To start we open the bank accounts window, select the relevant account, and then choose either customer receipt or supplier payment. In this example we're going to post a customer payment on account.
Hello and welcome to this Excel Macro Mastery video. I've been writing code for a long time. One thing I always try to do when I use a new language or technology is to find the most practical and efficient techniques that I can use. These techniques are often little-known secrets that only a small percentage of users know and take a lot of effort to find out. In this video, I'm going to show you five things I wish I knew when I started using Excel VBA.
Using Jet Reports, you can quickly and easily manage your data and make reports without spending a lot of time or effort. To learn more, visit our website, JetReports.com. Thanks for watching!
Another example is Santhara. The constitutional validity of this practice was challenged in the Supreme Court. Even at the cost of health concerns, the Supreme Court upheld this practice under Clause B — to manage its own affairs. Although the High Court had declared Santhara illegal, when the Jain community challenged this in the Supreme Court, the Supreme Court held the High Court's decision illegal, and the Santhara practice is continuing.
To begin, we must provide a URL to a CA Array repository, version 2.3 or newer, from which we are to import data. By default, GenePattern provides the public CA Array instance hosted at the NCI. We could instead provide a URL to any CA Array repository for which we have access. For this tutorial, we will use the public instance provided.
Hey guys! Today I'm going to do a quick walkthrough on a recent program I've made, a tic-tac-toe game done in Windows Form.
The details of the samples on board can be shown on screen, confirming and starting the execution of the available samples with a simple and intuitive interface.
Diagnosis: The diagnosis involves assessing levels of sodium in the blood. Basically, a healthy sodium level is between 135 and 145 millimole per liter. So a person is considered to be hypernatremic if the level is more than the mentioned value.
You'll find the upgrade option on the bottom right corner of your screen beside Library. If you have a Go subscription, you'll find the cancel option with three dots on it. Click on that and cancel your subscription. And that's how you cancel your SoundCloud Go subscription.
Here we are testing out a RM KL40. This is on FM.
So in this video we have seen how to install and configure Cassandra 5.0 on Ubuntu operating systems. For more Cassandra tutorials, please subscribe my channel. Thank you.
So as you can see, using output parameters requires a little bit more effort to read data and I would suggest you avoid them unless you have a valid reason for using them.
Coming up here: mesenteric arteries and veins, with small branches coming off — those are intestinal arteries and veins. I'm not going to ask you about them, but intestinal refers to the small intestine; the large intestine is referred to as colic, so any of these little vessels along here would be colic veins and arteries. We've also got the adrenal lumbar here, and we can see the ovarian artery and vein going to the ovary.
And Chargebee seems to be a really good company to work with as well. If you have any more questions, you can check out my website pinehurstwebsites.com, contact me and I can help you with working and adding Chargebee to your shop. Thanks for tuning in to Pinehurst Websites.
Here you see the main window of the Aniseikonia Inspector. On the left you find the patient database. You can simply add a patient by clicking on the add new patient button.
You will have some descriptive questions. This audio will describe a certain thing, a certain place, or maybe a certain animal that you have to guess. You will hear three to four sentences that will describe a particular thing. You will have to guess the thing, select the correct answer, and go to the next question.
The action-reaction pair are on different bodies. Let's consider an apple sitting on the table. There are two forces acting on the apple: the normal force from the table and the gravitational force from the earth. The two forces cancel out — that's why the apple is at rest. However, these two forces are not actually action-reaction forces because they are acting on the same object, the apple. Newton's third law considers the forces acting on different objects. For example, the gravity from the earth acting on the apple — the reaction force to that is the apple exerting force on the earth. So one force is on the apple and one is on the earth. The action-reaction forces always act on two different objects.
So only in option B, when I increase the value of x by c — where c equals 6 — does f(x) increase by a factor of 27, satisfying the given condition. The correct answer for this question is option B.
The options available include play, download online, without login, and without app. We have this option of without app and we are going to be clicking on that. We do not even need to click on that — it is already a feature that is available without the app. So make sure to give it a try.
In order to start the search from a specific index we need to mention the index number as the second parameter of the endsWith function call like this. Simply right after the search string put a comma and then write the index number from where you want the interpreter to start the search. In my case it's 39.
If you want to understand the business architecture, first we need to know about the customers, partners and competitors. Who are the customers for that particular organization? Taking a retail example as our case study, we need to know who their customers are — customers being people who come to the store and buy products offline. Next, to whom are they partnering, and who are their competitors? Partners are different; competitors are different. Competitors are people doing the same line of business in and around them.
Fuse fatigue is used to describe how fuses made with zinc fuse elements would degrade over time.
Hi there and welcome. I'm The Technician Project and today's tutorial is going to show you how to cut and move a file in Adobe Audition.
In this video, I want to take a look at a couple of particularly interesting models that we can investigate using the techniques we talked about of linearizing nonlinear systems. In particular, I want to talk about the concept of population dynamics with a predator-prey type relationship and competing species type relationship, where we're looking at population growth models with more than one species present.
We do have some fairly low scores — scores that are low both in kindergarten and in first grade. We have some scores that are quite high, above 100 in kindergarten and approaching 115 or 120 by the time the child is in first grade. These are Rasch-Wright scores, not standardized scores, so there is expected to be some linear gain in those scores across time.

----------------

The answer should be all the entries, restated with no word changed.

• _Output of the task_
To start we open the bank accounts window, select the relevant account, and then choose either customer receipt or supplier payment. In this example we're going to post a customer payment on account.
Hello and welcome to this Excel Macro Mastery video. I've been writing code for a long time. One thing I always try to do when I use a new language or technology is to find the most practical and efficient techniques that I can use. These techniques are often little-known secrets that only a small percentage of users know and take a lot of effort to find out. In this video, I'm going to show you five things I wish I knew when I started using Excel VBA.
Using Jet Reports, you can quickly and easily manage your data and make reports without spending a lot of time or effort. To learn more, visit our website, JetReports.com. Thanks for watching!
Another example is Santhara. The constitutional validity of this practice was challenged in the Supreme Court. Even at the cost of health concerns, the Supreme Court upheld this practice under Clause B — to manage its own affairs. Although the High Court had declared Santhara illegal, when the Jain community challenged this in the Supreme Court, the Supreme Court held the High Court's decision illegal, and the Santhara practice is continuing.
To begin, we must provide a URL to a CA Array repository, version 2.3 or newer, from which we are to import data. By default, GenePattern provides the public CA Array instance hosted at the NCI. We could instead provide a URL to any CA Array repository for which we have access. For this tutorial, we will use the public instance provided.
Hey guys! Today I'm going to do a quick walkthrough on a recent program I've made, a tic-tac-toe game done in Windows Form.
The details of the samples on board can be shown on screen, confirming and starting the execution of the available samples with a simple and intuitive interface.
Diagnosis: The diagnosis involves assessing levels of sodium in the blood. Basically, a healthy sodium level is between 135 and 145 millimole per liter. So a person is considered to be hypernatremic if the level is more than the mentioned value.
You'll find the upgrade option on the bottom right corner of your screen beside Library. If you have a Go subscription, you'll find the cancel option with three dots on it. Click on that and cancel your subscription. And that's how you cancel your SoundCloud Go subscription.
Here we are testing out a RM KL40. This is on FM.
So in this video we have seen how to install and configure Cassandra 5.0 on Ubuntu operating systems. For more Cassandra tutorials, please subscribe my channel. Thank you.
So as you can see, using output parameters requires a little bit more effort to read data and I would suggest you avoid them unless you have a valid reason for using them.
Coming up here: mesenteric arteries and veins, with small branches coming off — those are intestinal arteries and veins. I'm not going to ask you about them, but intestinal refers to the small intestine; the large intestine is referred to as colic, so any of these little vessels along here would be colic veins and arteries. We've also got the adrenal lumbar here, and we can see the ovarian artery and vein going to the ovary.
And Chargebee seems to be a really good company to work with as well. If you have any more questions, you can check out my website pinehurstwebsites.com, contact me and I can help you with working and adding Chargebee to your shop. Thanks for tuning in to Pinehurst Websites.
Here you see the main window of the Aniseikonia Inspector. On the left you find the patient database. You can simply add a patient by clicking on the add new patient button.
You will have some descriptive questions. This audio will describe a certain thing, a certain place, or maybe a certain animal that you have to guess. You will hear three to four sentences that will describe a particular thing. You will have to guess the thing, select the correct answer, and go to the next question.
The action-reaction pair are on different bodies. Let's consider an apple sitting on the table. There are two forces acting on the apple: the normal force from the table and the gravitational force from the earth. The two forces cancel out — that's why the apple is at rest. However, these two forces are not actually action-reaction forces because they are acting on the same object, the apple. Newton's third law considers the forces acting on different objects. For example, the gravity from the earth acting on the apple — the reaction force to that is the apple exerting force on the earth. So one force is on the apple and one is on the earth. The action-reaction forces always act on two different objects.
So only in option B, when I increase the value of x by c — where c equals 6 — does f(x) increase by a factor of 27, satisfying the given condition. The correct answer for this question is option B.
The options available include play, download online, without login, and without app. We have this option of without app and we are going to be clicking on that. We do not even need to click on that — it is already a feature that is available without the app. So make sure to give it a try.
In order to start the search from a specific index we need to mention the index number as the second parameter of the endsWith function call like this. Simply right after the search string put a comma and then write the index number from where you want the interpreter to start the search. In my case it's 39.
If you want to understand the business architecture, first we need to know about the customers, partners and competitors. Who are the customers for that particular organization? Taking a retail example as our case study, we need to know who their customers are — customers being people who come to the store and buy products offline. Next, to whom are they partnering, and who are their competitors? Partners are different; competitors are different. Competitors are people doing the same line of business in and around them.
Fuse fatigue is used to describe how fuses made with zinc fuse elements would degrade over time.
Hi there and welcome. I'm The Technician Project and today's tutorial is going to show you how to cut and move a file in Adobe Audition.
In this video, I want to take a look at a couple of particularly interesting models that we can investigate using the techniques we talked about of linearizing nonlinear systems. In particular, I want to talk about the concept of population dynamics with a predator-prey type relationship and competing species type relationship, where we're looking at population growth models with more than one species present.
We do have some fairly low scores — scores that are low both in kindergarten and in first grade. We have some scores that are quite high, above 100 in kindergarten and approaching 115 or 120 by the time the child is in first grade. These are Rasch-Wright scores, not standardized scores, so there is expected to be some linear gain in those scores across time.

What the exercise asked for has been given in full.